What is it that turns a non-cyclist into a cyclist?

In many people’s minds Cambridge and students and cycling are inextricably intertwined. My experience was that cycling is far from being a universal activity among students. I think it’s an assumption that does Cambridge cycling a disservice and I may write about it in future. In fact it was three years after I graduated before I took to two wheels.

I didn’t cycle as a student because everything I needed was within walking distance and I had time to walk.

I started to cycle when I needed to cover distances of more than a couple of miles and in too short a time to walk.

That was it.

But why not drive?

I didn’t have a license and I didn’t have a car. Neither would be quick or cheap to come by and I needed to travel in the meantime.

And I’d never really liked driving. Unlike some of my contemporaries I was in no hurry to book my first driving lesson for my 17th birthday. I was past 18 before my parents started booking lessons for me. A mismatch of my instructor’s teaching style and my learning style contributed to slow progress, and when I hadn’t passed my test by the time I went to university the urgency, if ever there was any, had gone.

I now realise that driving would not necessarily have been quicker in evening commuter traffic. I think I assumed, as I see many people assume every day in the face of the evidence, that private motor transport must be the fastest way to travel.

Why not take the bus?

If you live in Cambridge you probably wouldn’t ask this. If you can walk, walking is usually faster. Local public transport is expensive and slow and unreliable. I think I did look a bus timetable for my journey but there were no buses that would help.

 So… Cycling then.

So, a lack of good alternatives was why I started cycling. I evangelise about the benefits to health and environment now, but these were far from my mind when I took it up, and were in any case the same as the benefits of walking. By switching from walking to cycling I had only gained time.

I didn’t think about safety. I didn’t think about weather. I didn’t think about what I needed to carry. I didn’t think about maintenance. I didn’t think about half the things people cite as reasons for not cycling. I had no other options: I would make it work.

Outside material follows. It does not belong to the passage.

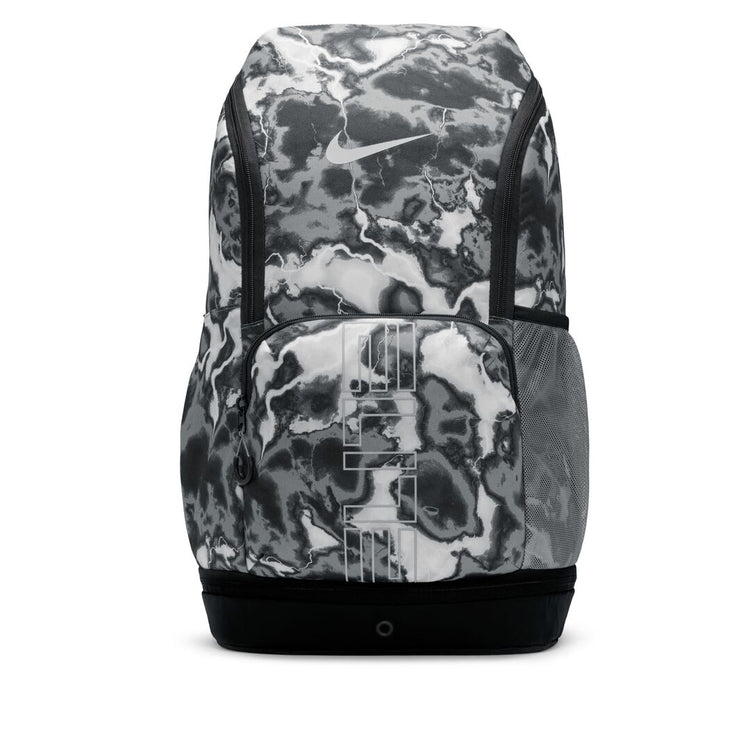 Nike Varsity Elite Backpack black/Baltic blue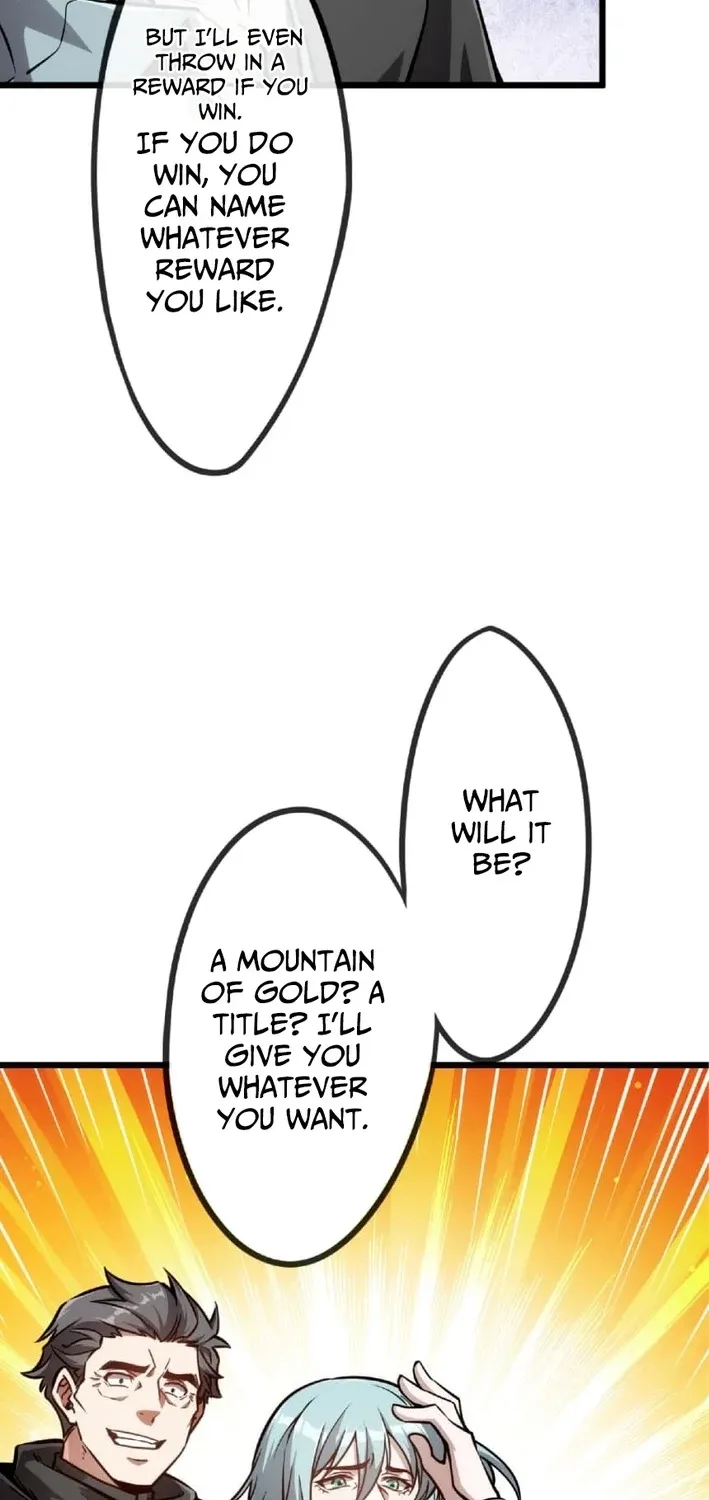 The Cursed Blade in a Magic‑Ruled World A Samurai Reborn in a Magic‑Supremacist Isekai Dominates with the Scorned Art of the Sword Chapter 5 page 85 -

Initially I borrowed my employer’s bike, a great heavy rusted thing with a wicker basket on the front. He rarely used it. Within a couple of weeks I had bought my own: £100 new hybrid. I used it for 18 months before getting a more expensive one which I still use now, although I’ve added two more bikes for the fun stuff.

What, if anything, does this tell us about how we can get more people cycling?

Did it help that I lived in a city where cycling is relatively normal? I think so. Almost none of my friends cycled at the time, but I had a cultural awareness that cycling was a mode of transport. The city was covered in roads with shared-use paths and cycle lanes, which I quickly started to ignore, but never-the-less their presence indicated that cycling was an expected activity. It meant that cycling was in my mind as an option, when in another place it might not have been.

People don’t consider new modes of transport on a daily basis. If it were not for the time factor for this particular journey I wouldn’t have re-considered my mode of transport, but once I was used to cycling it replaced and sped up many of my other journeys. It’s when people move jobs, or move house that they will be most susceptible to modal change.

People are short-term self-interested. I didn’t think ‘I would drive / take the bus but it’s not environmentally friendly and will reduce my fitness’. I thought: ‘It’s too expensive and too impractical’.

There are a number of specifics of my situation which are not universal, but there is one principle which made the decision: I cycled because it was the best way to meet my travel needs at the time. Cycling needs to look normal, obvious and easy. How we make it look normal, obvious and easy is the larger discussion.